==== INFORMATION GIVEN ====

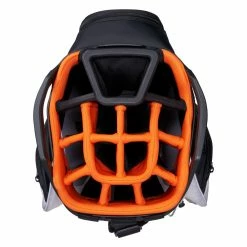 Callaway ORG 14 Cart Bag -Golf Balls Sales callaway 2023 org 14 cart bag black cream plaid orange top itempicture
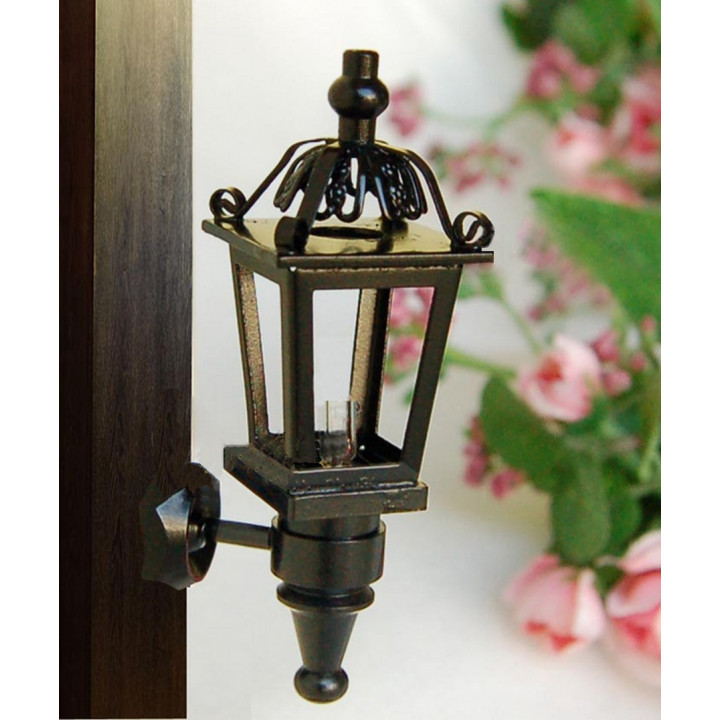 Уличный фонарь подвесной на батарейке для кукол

====
==== INFORMATION GIVEN ====

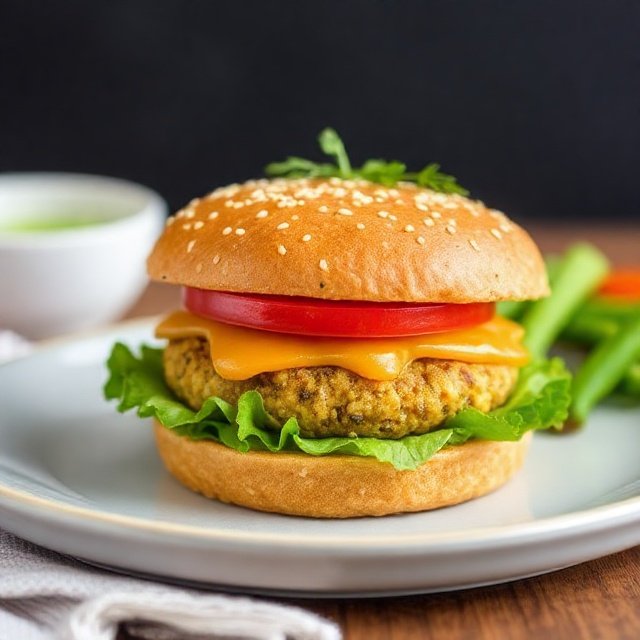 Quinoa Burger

====

## EXERCISE INSTRUCTIONS:
In the listing above, the required lines run from the line with "Callaway ORG 14" through the line with "Уличный фонарь подвесной". Output exactly those lines, omitting pictures.

## EXERCISE RESPONSE:
 Callaway ORG 14 Cart Bag -Golf Balls Sales callaway 2023 org 14 cart bag black cream plaid orange top itempicture
 Уличный фонарь подвесной на батарейке для кукол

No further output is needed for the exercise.